A light response curve measured at mid-leaf (Fig. 1e) indicated that A was light saturated at light intensities of c. 1100 µmol m−2 s−1. Hence, A increased, together with I, from 15 ± 0.8 µmol m−2 s−1 (mean ± standard error; n = 3) at the leaf base to 20 ± 3 µmol m−2 s−1 at mid-leaf (Fig. 1b). A was relatively constant, however, from mid-leaf to the tip (19 ± 0.8 µmol m−2 s−1; n = 12), in spite of the decrease in I. Stomatal conductance (gs) increased along the leaf from 0.11 ± 0.02 mol m−2 s−1 (n = 3) at the leaf base to 0.21 ± 0.01 mol m−2 s−1 (n = 3) at the tip, with a small decrease at mid-leaf (Fig. 1d). Although modest, variations in gs were consistent with changes in A from the leaf base to mid-leaf, resulting in relatively constant values of ci (81 ± 8 µl l−1; n = 12). This was followed by an increase in ci values from mid-leaf to 184 ± 9 µl l−1 (n = 3) at the tip (Fig. 1c), which was correlated with the increase in gs but relatively constant A. As the ambient CO2 concentration (ca, recorded before each gas exchange measurement) did not vary much, the ratio ci/ca varied in a similar manner to the variations in ci from the leaf base to mid-leaf (0.23 ± 0.04; n = 12) and to the tip (0.53 ± 0.03; n = 3).

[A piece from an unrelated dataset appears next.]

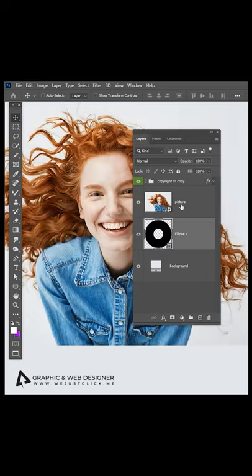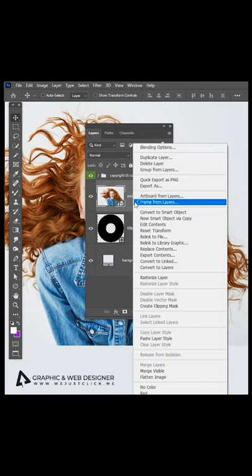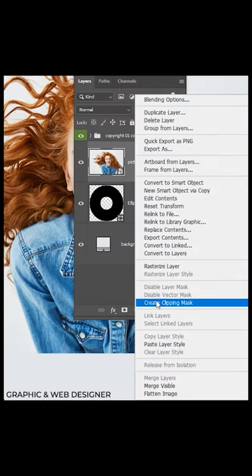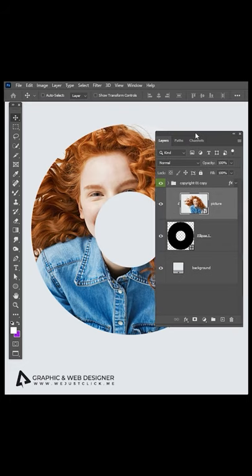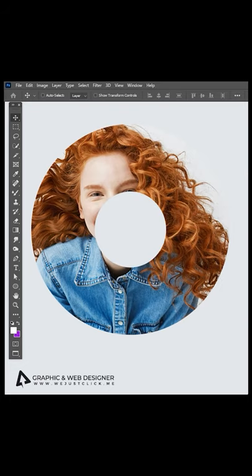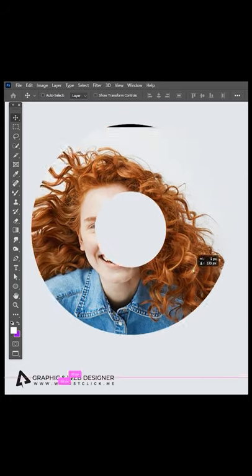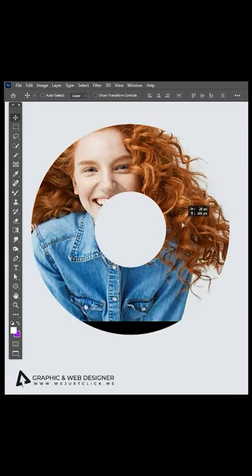Put your image over the circle. Right click and choose create clipping mask. That's it, now you can move your image inside the mask as you like.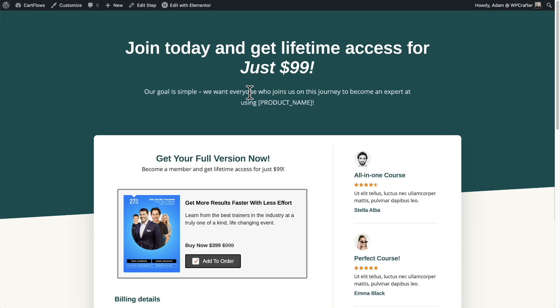So if you're ready to increase the revenue of your store by 25 to 40%, grab a copy of CartFlows today.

The ratio ci/ca also influences the δ13C of leaf organic matter (δ13Corg) which on average decreased from −12.8 ± 0.1‰ (n = 4) at the base to −13.2 ± 0.1‰ (n = 4) at the tip of the leaves (Fig. 2b). However, in the first half of the leaf, from base to mid-leaf, this 13C depletion was mainly a consequence of the first segment being relatively enriched (−12.8 ± 0.1‰; n = 4), whereas segments 2–4 did not greatly change (−12.9 ± 0.06‰; n = 12). Overall, therefore, high ci values were correlated with more depleted δ13Corg in leaf organic matter. Note, however, that the correlation between ci and δ13Corg may be fortuitous as these parameters represent different time scales and likely also spatial scales, as most organic matter is produced at the leaf base during leaf development.

Figure 2.

Isotopic composition along corn (Zea mays) leaves: (a) the oxygen isotope composition of leaf water (δ18Ow); (b) the oxygen (δ18Oorg; closed circles) and carbon (δ13Corg; open circles) isotope composition of leaf organic matter. The equation denotes the curve fit for δ18O only. Values are mean ± standard error for four leaves. Leaf segments (10 cm each) are labeled from the base (lowest number) to the tip of the leaf.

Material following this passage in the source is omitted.